Exercise
Exact copy, no pictures: repeat the data that follows.

Source information
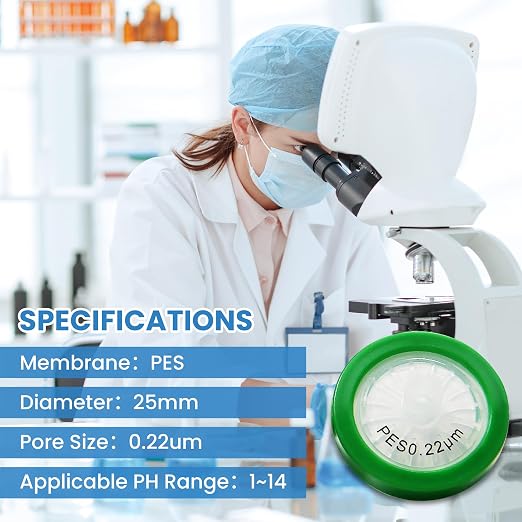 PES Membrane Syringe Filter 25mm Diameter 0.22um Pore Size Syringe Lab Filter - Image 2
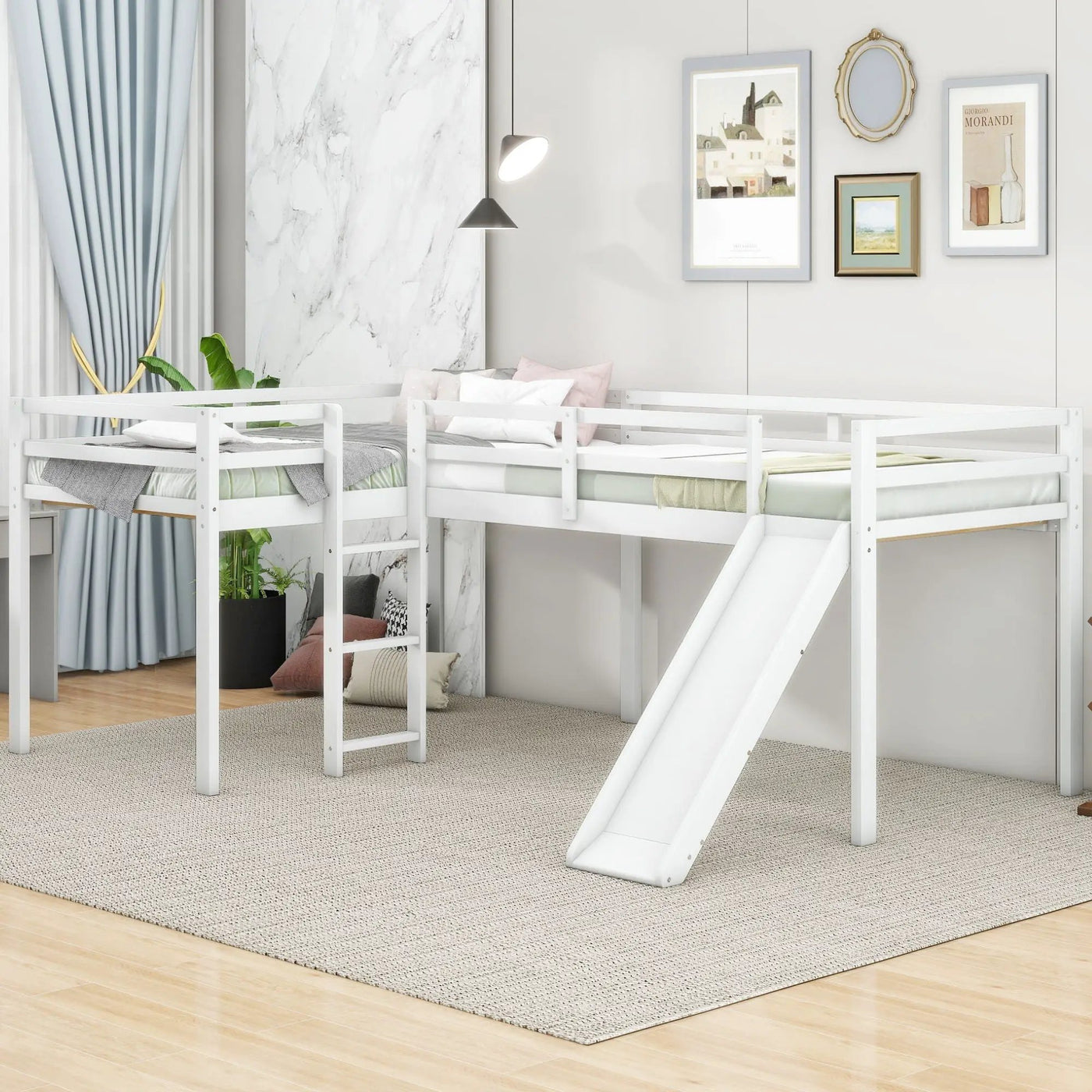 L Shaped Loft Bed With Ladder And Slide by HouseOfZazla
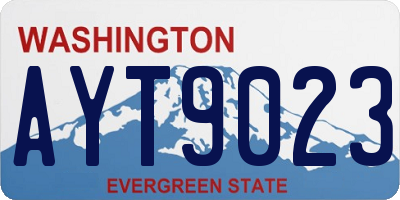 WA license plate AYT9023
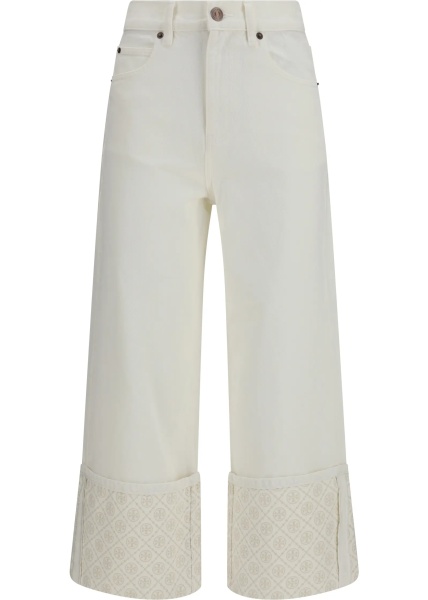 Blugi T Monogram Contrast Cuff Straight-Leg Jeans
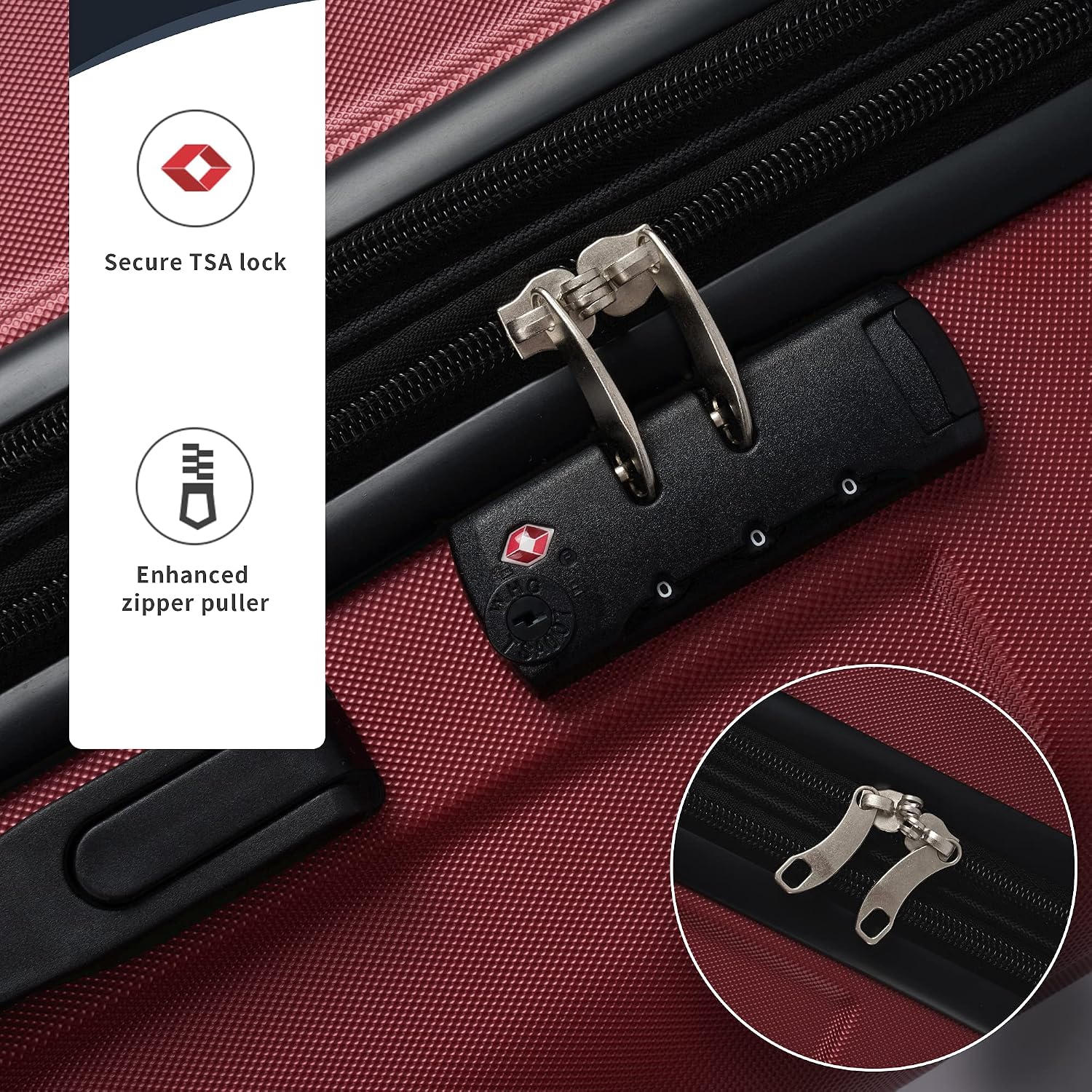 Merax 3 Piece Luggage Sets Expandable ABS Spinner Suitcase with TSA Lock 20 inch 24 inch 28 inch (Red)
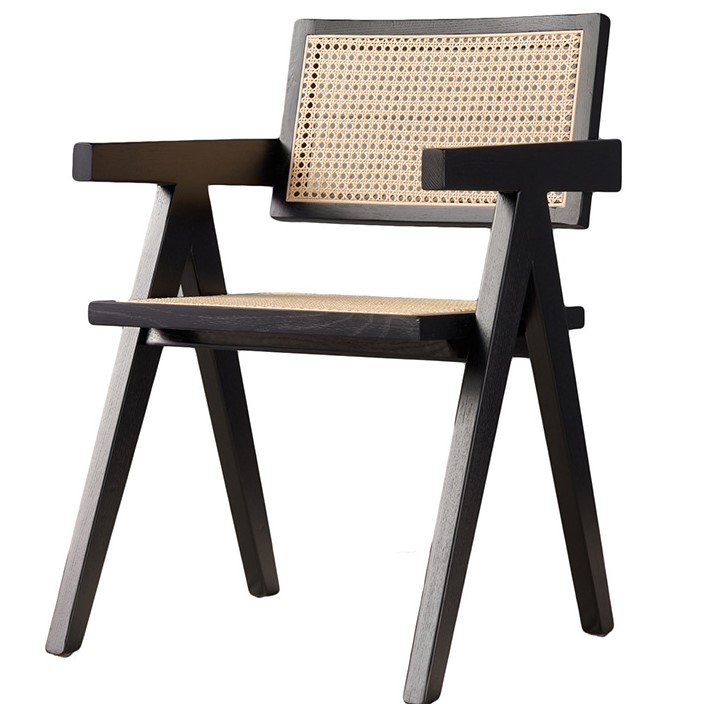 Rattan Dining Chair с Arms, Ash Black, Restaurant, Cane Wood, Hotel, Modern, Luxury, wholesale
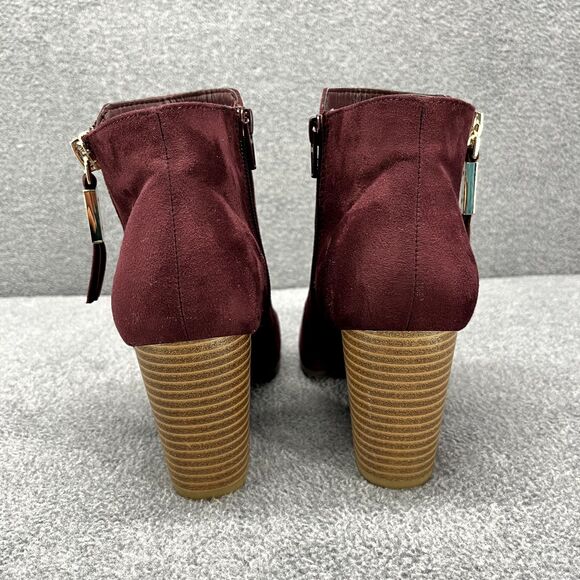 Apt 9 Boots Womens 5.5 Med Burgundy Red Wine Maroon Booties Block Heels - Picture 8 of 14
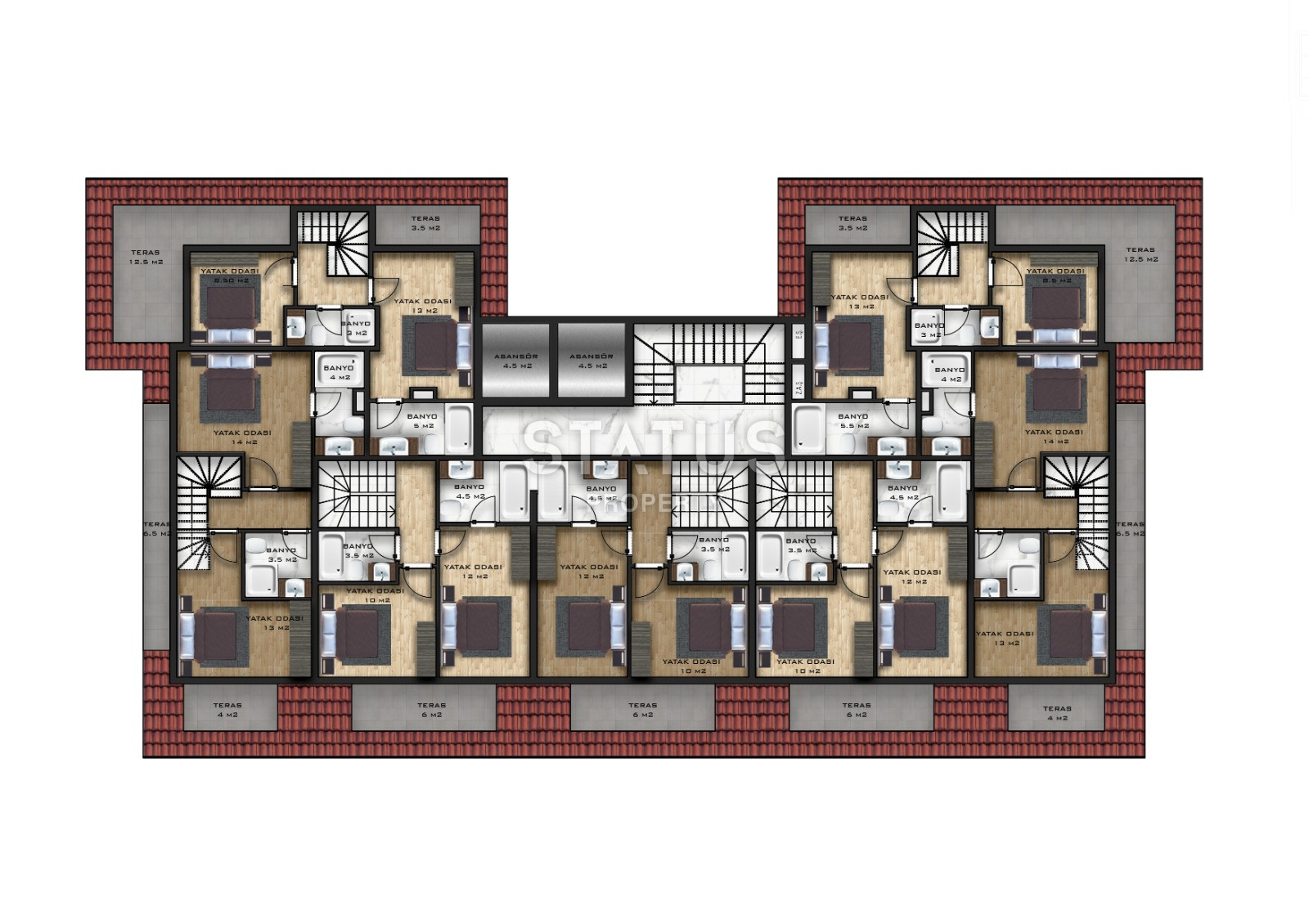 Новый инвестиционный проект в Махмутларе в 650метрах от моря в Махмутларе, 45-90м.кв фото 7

Reply
 PES Membrane Syringe Filter 25mm Diameter 0.22um Pore Size Syringe Lab Filter - Image 2
 L Shaped Loft Bed With Ladder And Slide by HouseOfZazla
 WA license plate AYT9023
 Blugi T Monogram Contrast Cuff Straight-Leg Jeans
 Merax 3 Piece Luggage Sets Expandable ABS Spinner Suitcase with TSA Lock 20 inch 24 inch 28 inch (Red)
 Rattan Dining Chair с Arms, Ash Black, Restaurant, Cane Wood, Hotel, Modern, Luxury, wholesale
 Apt 9 Boots Womens 5.5 Med Burgundy Red Wine Maroon Booties Block Heels - Picture 8 of 14
 Новый инвестиционный проект в Махмутларе в 650метрах от моря в Махмутларе, 45-90м.кв фото 7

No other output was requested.